Background and Historical Context Edit
"Plato and other ancient writers often commented on literary works, but Aristotle inaugurated the systematic discipline of literary criticism and theory with the Poetics. It is perhaps the most influential work in the history of criticism and theory, shaping future considerations of genre, prosody, style, structure, and form. Its modern impact began in the Renaissance, when it was rediscovered from fragmentary manuscript sources and taken as a rule book for literary composition. Its description of formal unity influenced seventeenth-century European writers and eighteenth-century writers reviving its precepts as 'neoclassicism.' In twentieth-century literary theory the Poetics was foundational for formalist methods, which apply objective modes of analysis to linguist artifacts and discern the structural attributes of literary works; it influenced a wide array of critics, ranging from the Russian formalists and the French structuralists." (NATC 83)
Key Words and Terms Edit
Katharsis - The belief that good poetry should have a positive emotional effect on its audience.
Mimesis - Imitation of the physical world.
Mythos - Term used for the plot. The first of the six elements of a tragedy.
Lusis - Meaning "untying," is all the action in a tragedy after the climax.
Desis - Meaning "tying," is all the action in a tragedy before the climax.
Peripeteia - A reversal of the main character's position.
Anagnorisis - The main character's recognition of his or her fate.
Hamartia - A tragic character's fate linked to his or her own error.
Epic - "A long narrative poem in elevated style presenting characters of high position in adventures forming an organic whole through their relation to a central heroic figure and through their development of episodes important to the history of a nation or race." [(Harmon and Holman) Wikipedia]. "Epic and tragic composition, and indeed comedy,..." (NATC 88), "...'epic poets' terming them poets not according to [whether they compose a] representation but indiscriminately , according to [their use of] verse" (88).
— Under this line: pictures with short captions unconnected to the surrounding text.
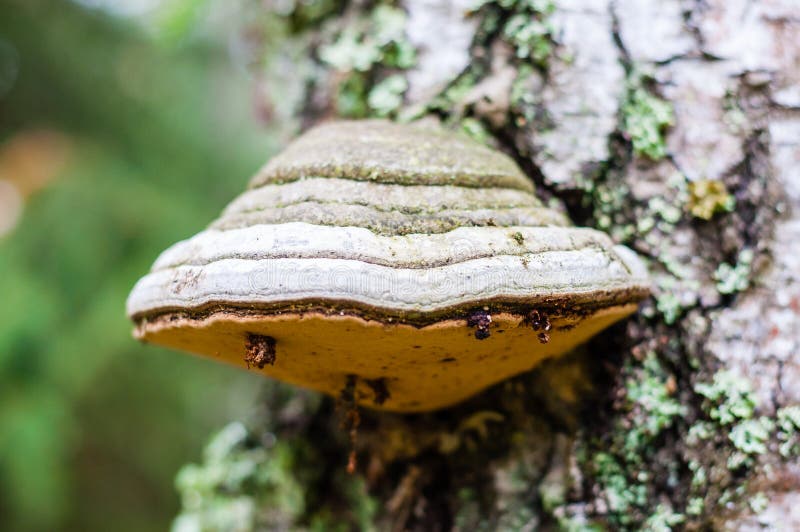 White hoof fungus growing on the birch tree trunk bark royalty free stock photography
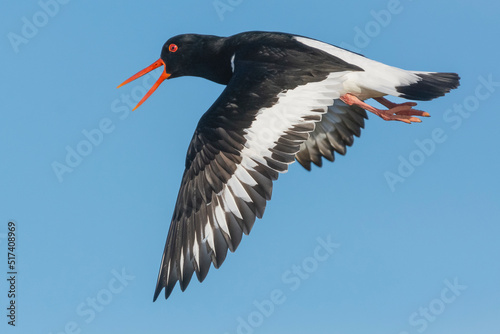 Eurasian oystercatcher (common pied oystercatcher, palaearctic oystercatcher) - Haematopus ostralegus - with spread wings in flight. Photo from Ekkeroy at Varanger Penisula in Norway.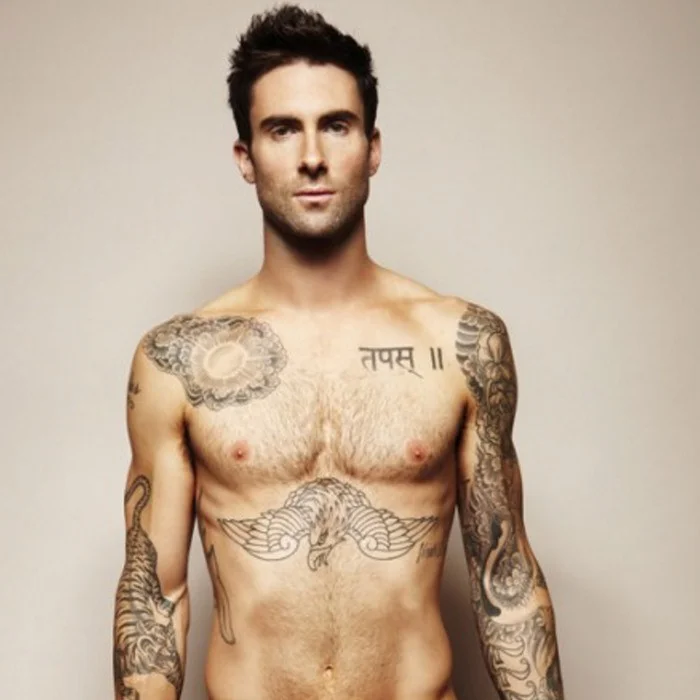 ADAM LEVINE : LA VOIX DE MAROON 5 ET SON PARCOURS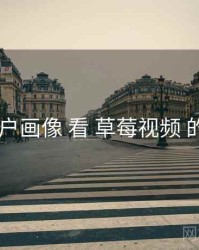 从 用户画像 看 草莓视频 的优势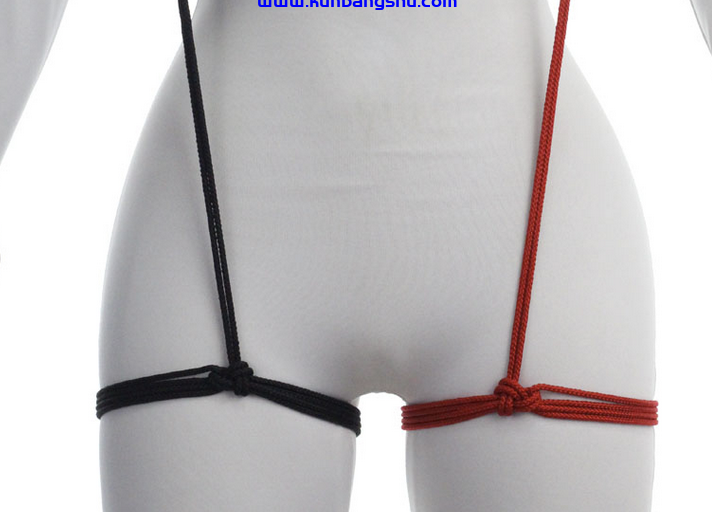 吊袜带 Suspenders & Garters【10P+1V】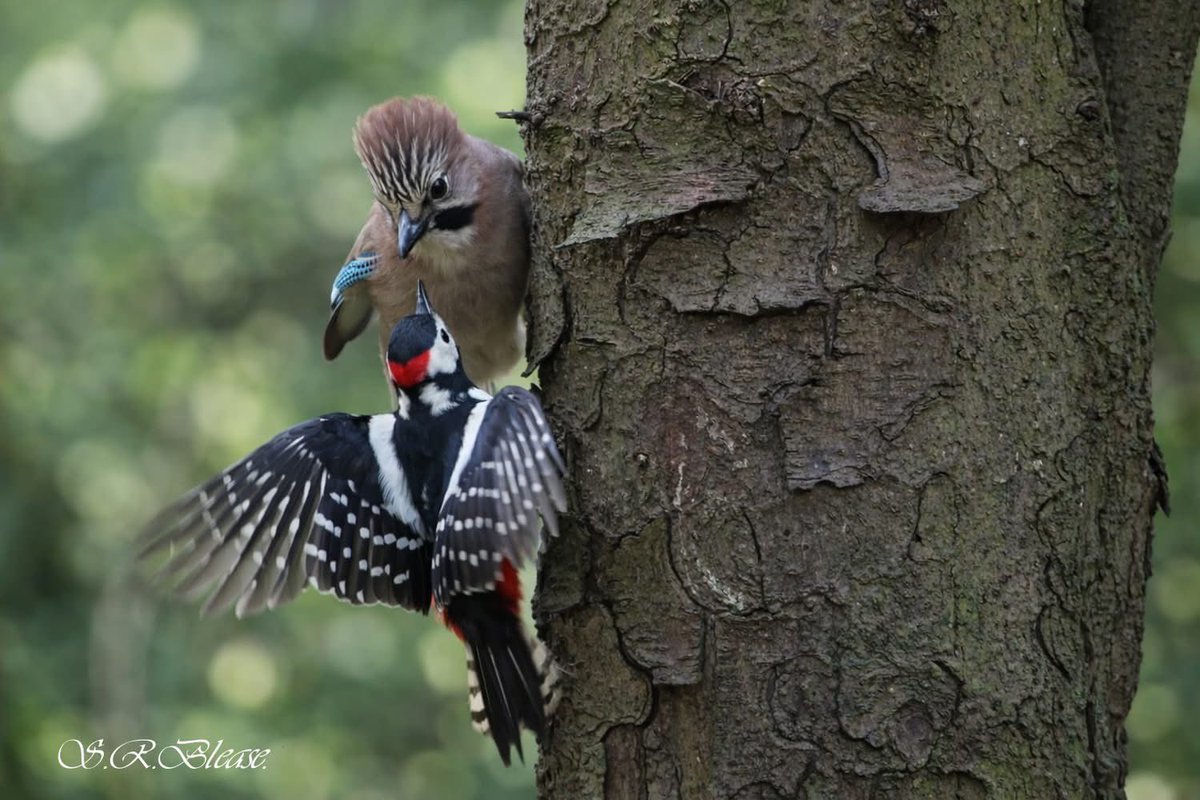 PenrhosSave's tweet photo. Penrhos a place of tranquility and beautiful wildlife a place for all  not a place to build a holiday village 
If you want to object to the reserve matters  plans  please get your objections in asap 
📸Shirley Blease and David Jones https://t.co/n9drJjwUPn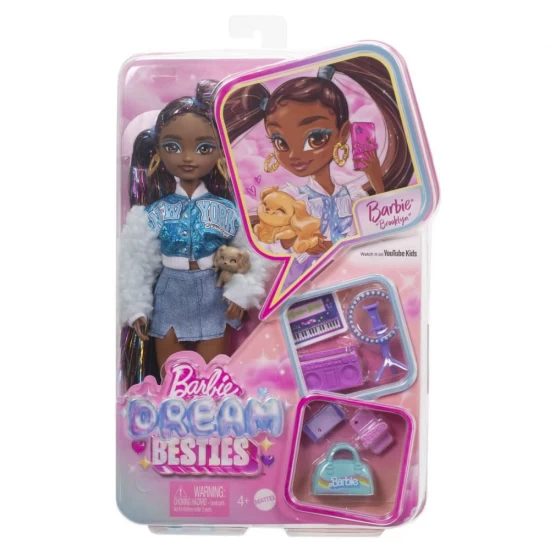 Papusa Barbie Brooklyn Barbie Dream Besties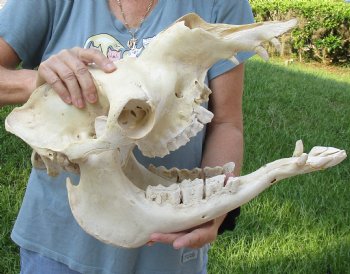 18" Camel Skull - $125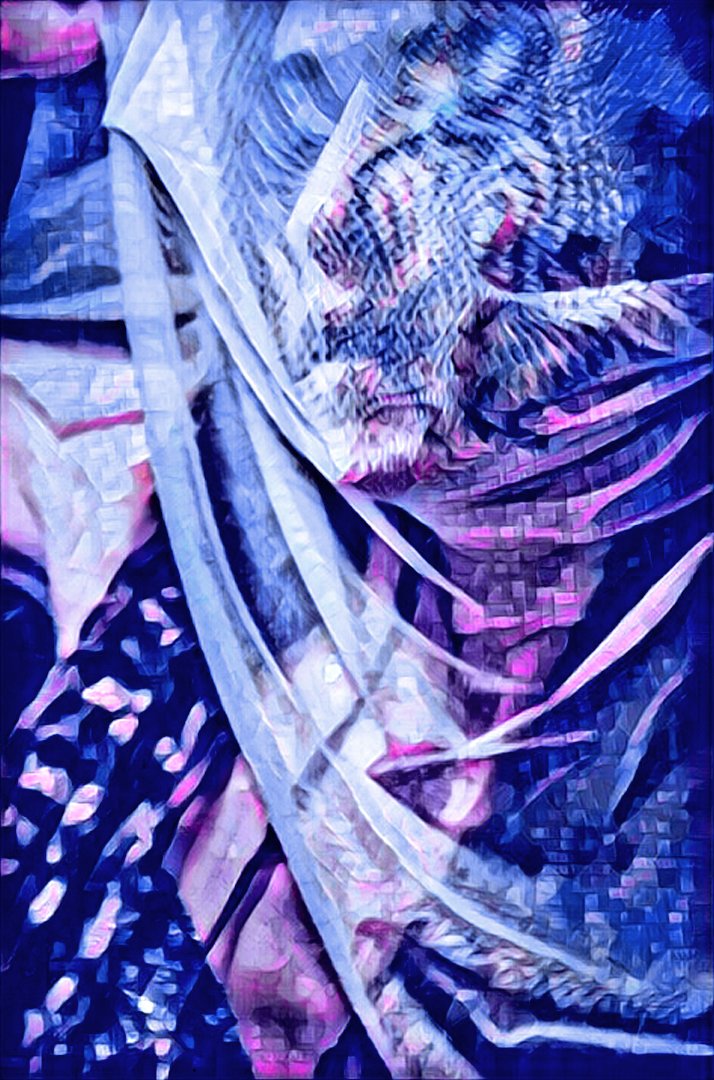 Sol y Luna tweet media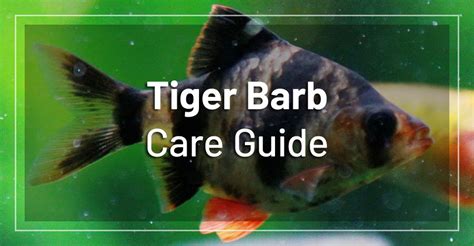 Tiger Barb Fish Care - Complete Guide on How to Keep Tiger Barbs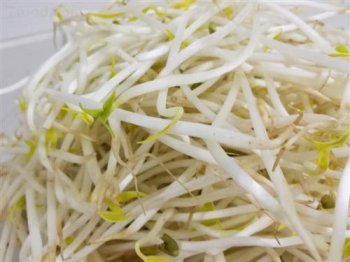 绿豆芽有什么功效_绿豆芽的营养成分与食用功效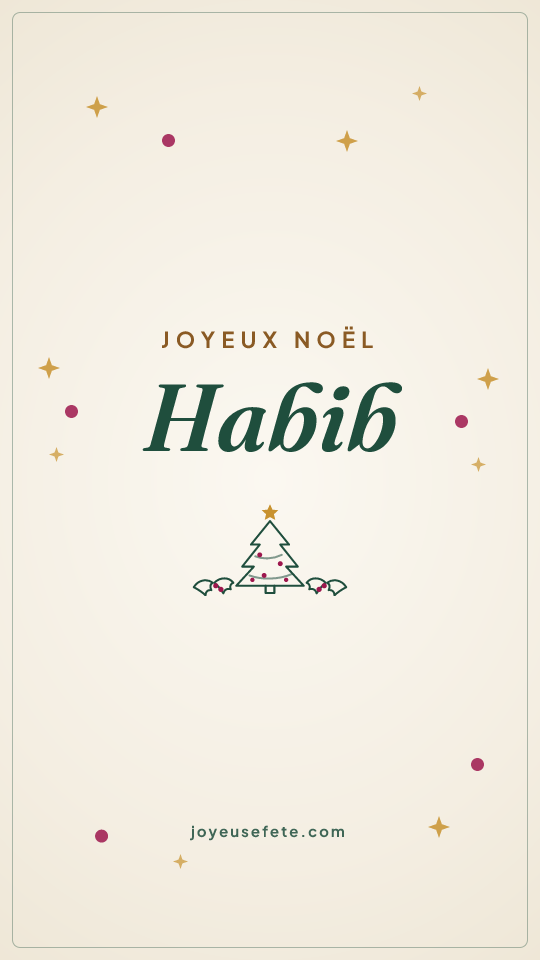 Image « Joyeux Noël Habib » au format story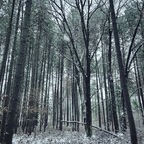 Gavin @gavinjt9 Leaked OnlyFans 

 profile picture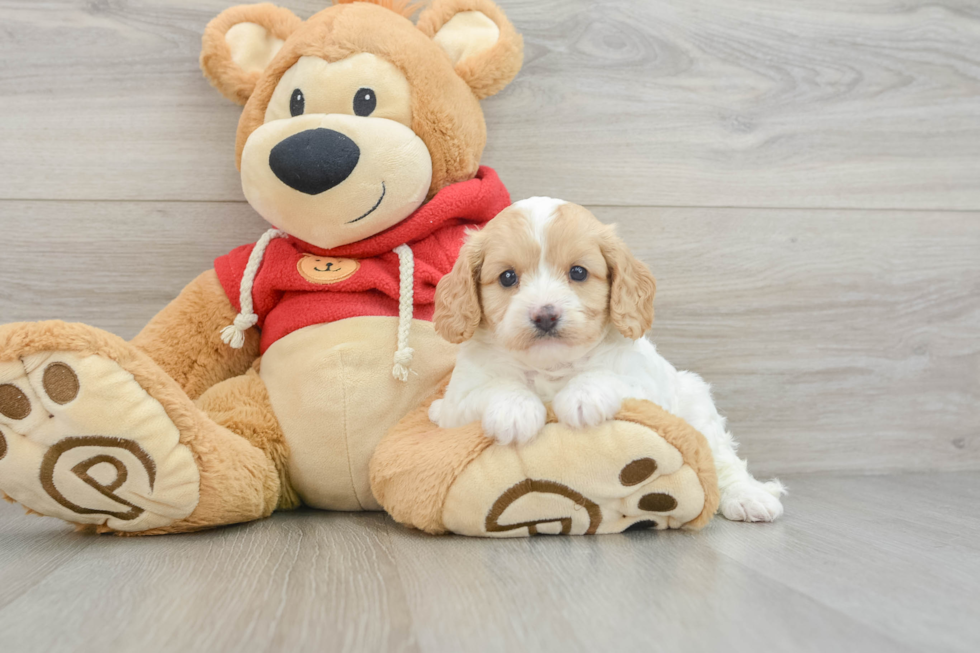 Cavapoo Pup Being Cute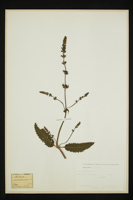 Salvia pratensis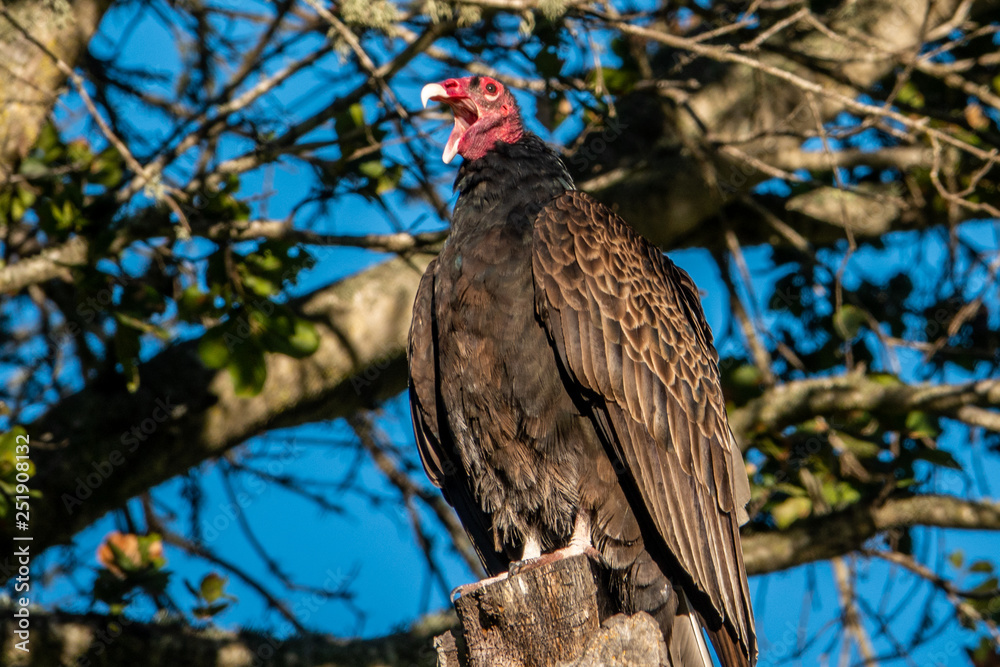 A turkey vulture (Cathartes aura), also know as a turkey buzzard, sits perched in a tree in the hills of Monterey in central California. A turkey vulture (Cathartes aura), also know as a turkey buzzard, sits perched in a tree in the hills of Monterey in central California.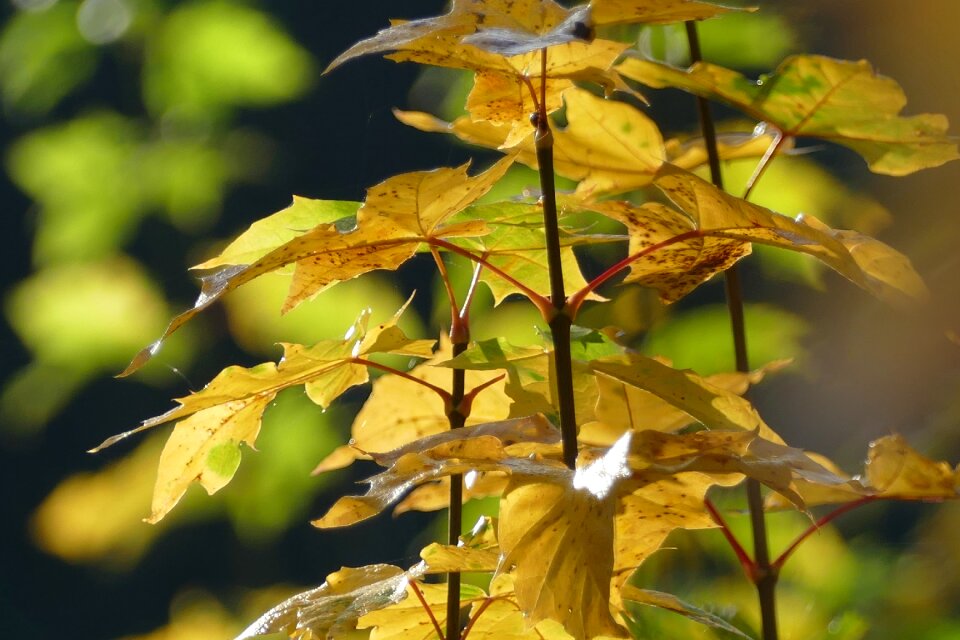 Autumn sun fall leaves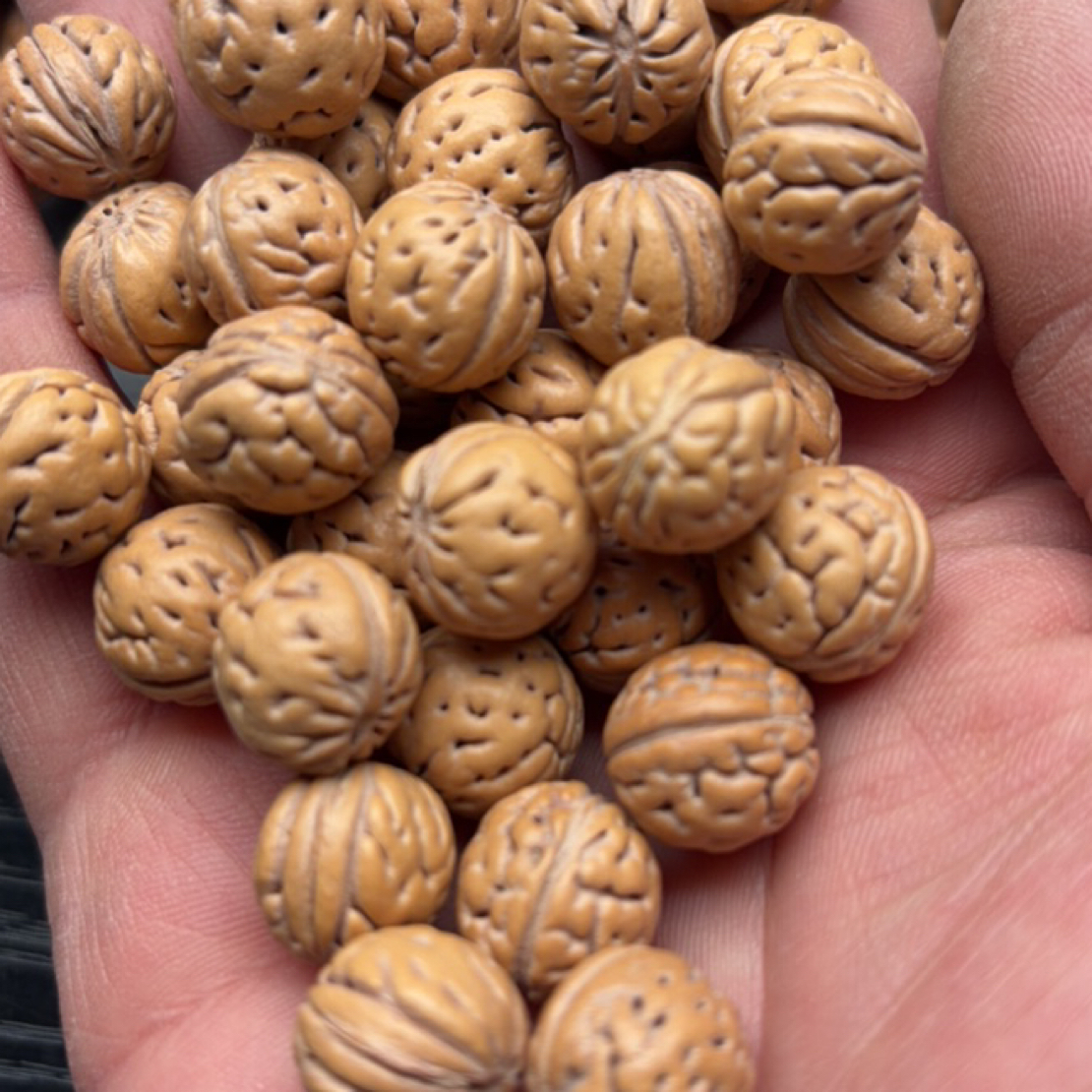 纯野生山桃核毛桃核散籽各种品相小尺寸可自制手串脖挂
Pisteis - Proofs or means of persuasion (Greek)
Atechnic - Non-artistic
Entechnic - Embodied in art, artistic. Also translated as "artistic," made by men.
Ethos - Character of the speaker
Logos - The speech itself
Pathos - Empathy, feeling emotion by the speech.
Telos - The objective of rhetorical persuasion achieved through emotion and style as well as argument.
Key Quotations Edit
" Regarding characters, there are four things at which the poet should aim. (i) First and foremost, the characters should be good... (ii) Second, they should be appropriate... (iii) Third, the character should be life-like... (iv) Fourth, the character should be consistent..."
"[C]omedy prefers to represent people who are worse than those who exist, tragedy people who are better" (90).
"(i) Representation is natural to human beings from childhood. They differ from the other animals in this: man tends most towards representation and learns his first lessons through representation" (90)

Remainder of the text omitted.